Matthew 20:24-28; Mark 10:41-45;
24. And when the ten heard it, 1 they were displeased with the two brethren. 25. And Jesus called them to him, and said, You know that the princes of the Gentiles rule over them, and they who are great exercise authority over them. 26. It shall not be so among you: but whoever wishes to be great among you, let him be your minister; 27. And he that wishes to be chief among you, let him be your servant: 28. Even as the Son of man came not that he might be served, but that he might serve, and that he might give his life a ransom for many.
41. And when the ten heard it, they began to be displeased with James and John. 42. And Jesus, when he had called them to him, saith to them, You know that they who appear to rule over the Gentiles exercise dominion over them; and they who are princes among them exercise power over them. 43. But it shall not be so among you; but whoever wishes to become great among you, shall be your minister;. And whoever wishes to be chief among you, shall be your servant. 45. For even the Son of man came not that he might be served, but that he might serve, and that he might give his life a ransom for many.
24. And there arose also a dispute among them, which of them appeared to be greatest. 25. And he said to them, The kings of the Gentiles rule over them; and they that have power over them are called benefactors. 26. But you are not so: but he that is greatest among you, let him become as the younger; and he that is ruler, as he that serves. 27. For which is greater, he that sitteth at table, or her that serveth? Is it not he that sitteth at table? But I am in the midst of you as he that serveth.

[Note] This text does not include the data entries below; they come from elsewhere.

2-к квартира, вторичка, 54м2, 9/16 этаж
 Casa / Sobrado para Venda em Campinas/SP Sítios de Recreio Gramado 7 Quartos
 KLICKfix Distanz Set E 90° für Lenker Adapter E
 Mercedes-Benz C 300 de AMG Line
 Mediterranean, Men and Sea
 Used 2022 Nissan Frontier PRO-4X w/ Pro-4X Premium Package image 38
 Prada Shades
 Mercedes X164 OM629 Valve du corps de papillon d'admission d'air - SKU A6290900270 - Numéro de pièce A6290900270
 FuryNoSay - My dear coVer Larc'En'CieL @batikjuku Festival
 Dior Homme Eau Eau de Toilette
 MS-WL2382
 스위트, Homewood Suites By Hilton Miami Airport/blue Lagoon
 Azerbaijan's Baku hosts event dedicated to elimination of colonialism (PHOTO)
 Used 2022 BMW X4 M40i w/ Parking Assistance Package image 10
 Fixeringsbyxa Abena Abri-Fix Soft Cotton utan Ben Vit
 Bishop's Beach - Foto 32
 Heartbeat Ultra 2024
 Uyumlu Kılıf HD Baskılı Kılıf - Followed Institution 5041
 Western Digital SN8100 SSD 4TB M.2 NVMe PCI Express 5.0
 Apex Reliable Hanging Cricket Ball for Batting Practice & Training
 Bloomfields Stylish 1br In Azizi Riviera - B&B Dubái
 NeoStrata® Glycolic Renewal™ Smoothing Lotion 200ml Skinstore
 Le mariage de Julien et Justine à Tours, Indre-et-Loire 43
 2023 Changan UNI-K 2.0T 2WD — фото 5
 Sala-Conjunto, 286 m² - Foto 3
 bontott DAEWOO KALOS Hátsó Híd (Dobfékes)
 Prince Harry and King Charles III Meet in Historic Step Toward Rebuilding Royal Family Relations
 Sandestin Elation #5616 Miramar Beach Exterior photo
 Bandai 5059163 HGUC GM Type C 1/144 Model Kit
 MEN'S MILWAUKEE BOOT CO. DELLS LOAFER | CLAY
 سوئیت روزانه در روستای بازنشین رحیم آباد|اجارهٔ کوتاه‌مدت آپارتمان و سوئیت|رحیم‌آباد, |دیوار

This reflects the error of the Anabaptists, who exclude kings and magistrates from the Church of God, because Christ declares 5 that they are not like his disciples; though the comparison is here made not between Christians and ungodly men, but between the nature of their offices. Besides, Christ did not look so much at the persons of men as at the condition of his Church. For it was possible that one who was governor of a village or of a city might, in a case of urgent necessity, discharge also the office of teaching; but Christ satisfied himself with explaining what belongs to the apostolic office and what is at variance with it.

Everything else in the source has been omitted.